__Supplied data__.
- - - - - - -

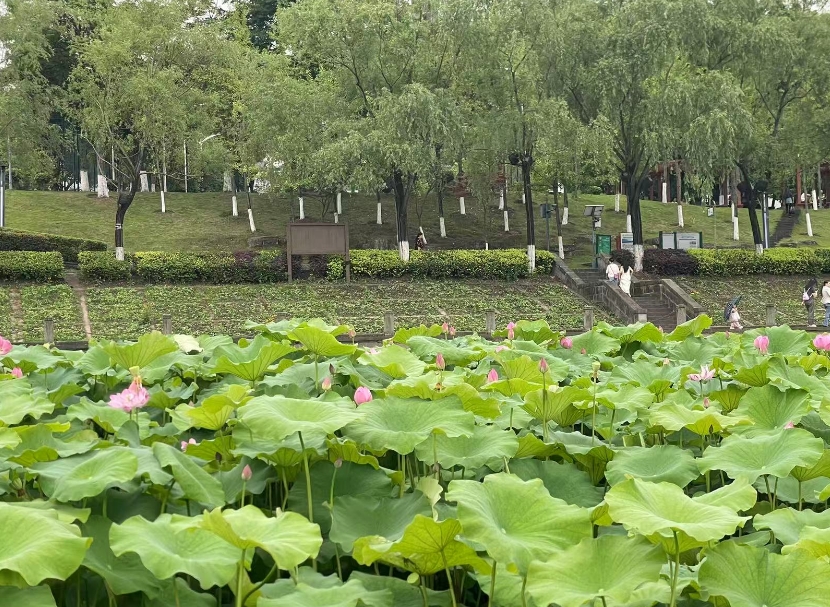微信截图_20250604093452.png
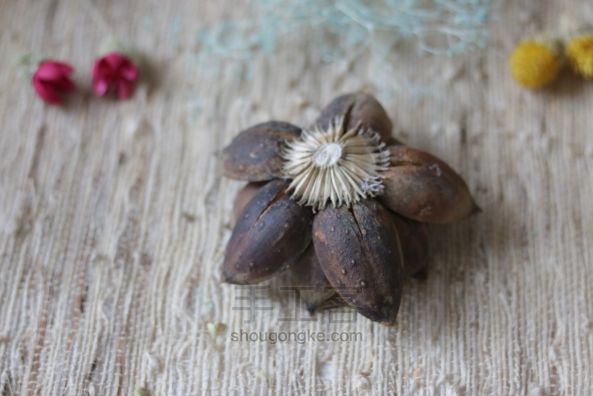 艺术干花禅意莲花系列——带莲蓬木莲花的制作 第9步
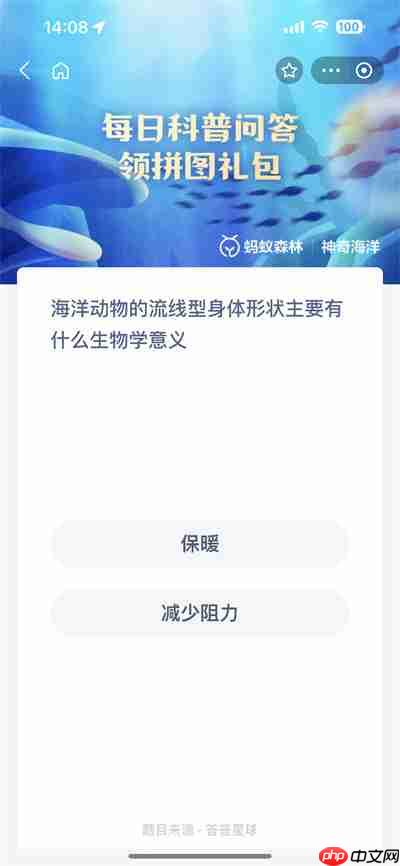 支付宝的神州租车怎么样 支付宝的神奇海洋什么时候出来的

- - - - - - -

__Directions__. In your copy of the material, every word must match and no image should appear.

__Response area__.
微信截图_20250604093452.png
 艺术干花禅意莲花系列——带莲蓬木莲花的制作 第9步
 支付宝的神州租车怎么样 支付宝的神奇海洋什么时候出来的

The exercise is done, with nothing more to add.